**WORK TO COMPLETE**:
Please restate exactly the lines from the one holding "White Yachts At Marina" to the end of the material, including both ends and excluding every picture.

**DATA SECTION**:
# # # #

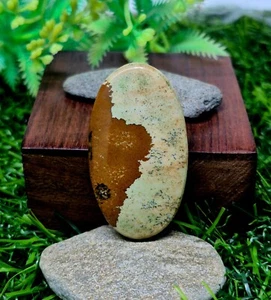 Natürlicher brauner Bild Jaspis Cabochon ovale Form lose Edelstein für Schmuck - Bild 1 von 5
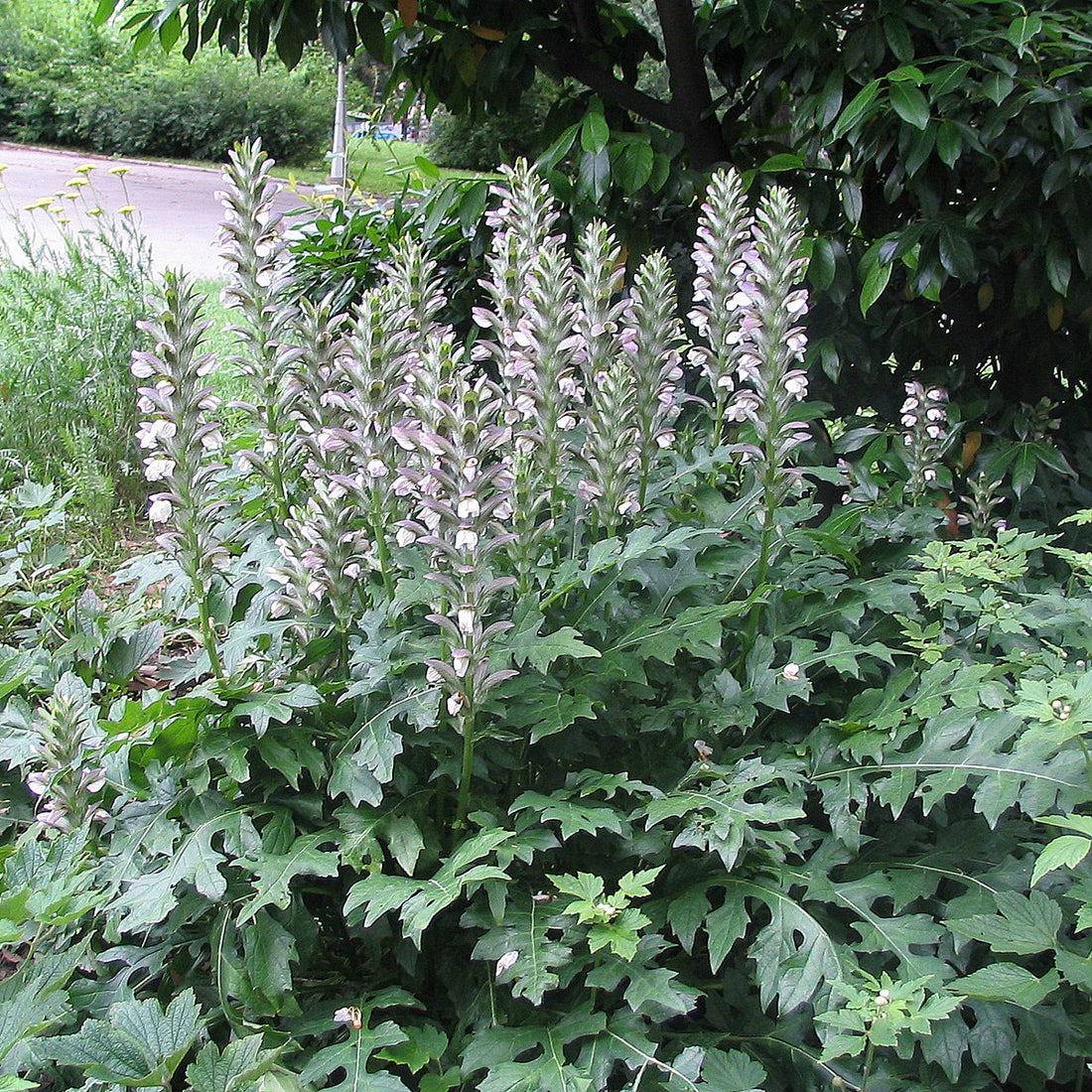 Acanthus mollis foliage and flowers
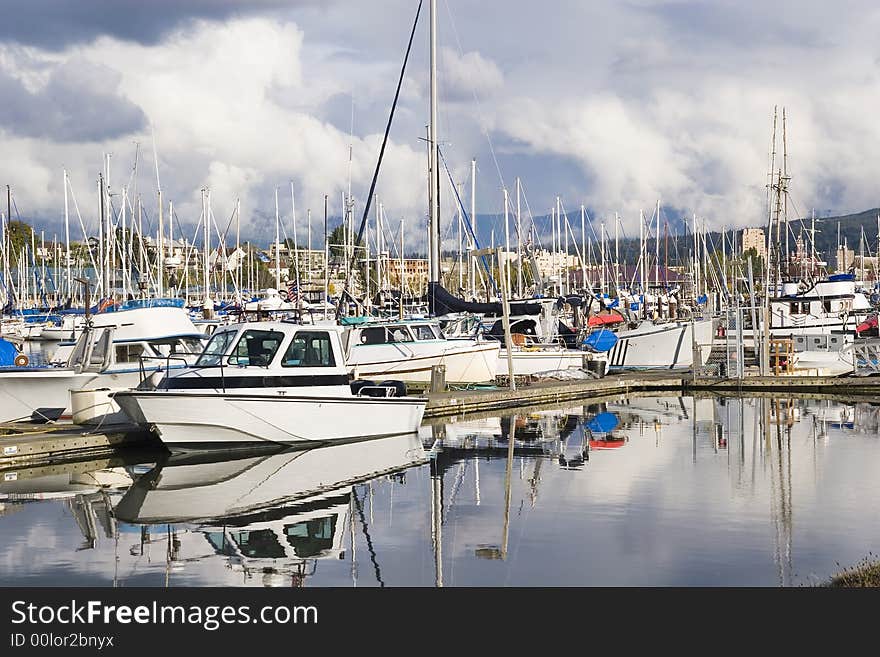 White Yachts At Marina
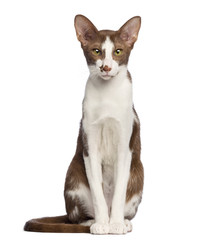 Oriental Shorthair sitting and looking at camera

# # # #

**PROBLEM SOLUTION**:
 White Yachts At Marina
 Oriental Shorthair sitting and looking at camera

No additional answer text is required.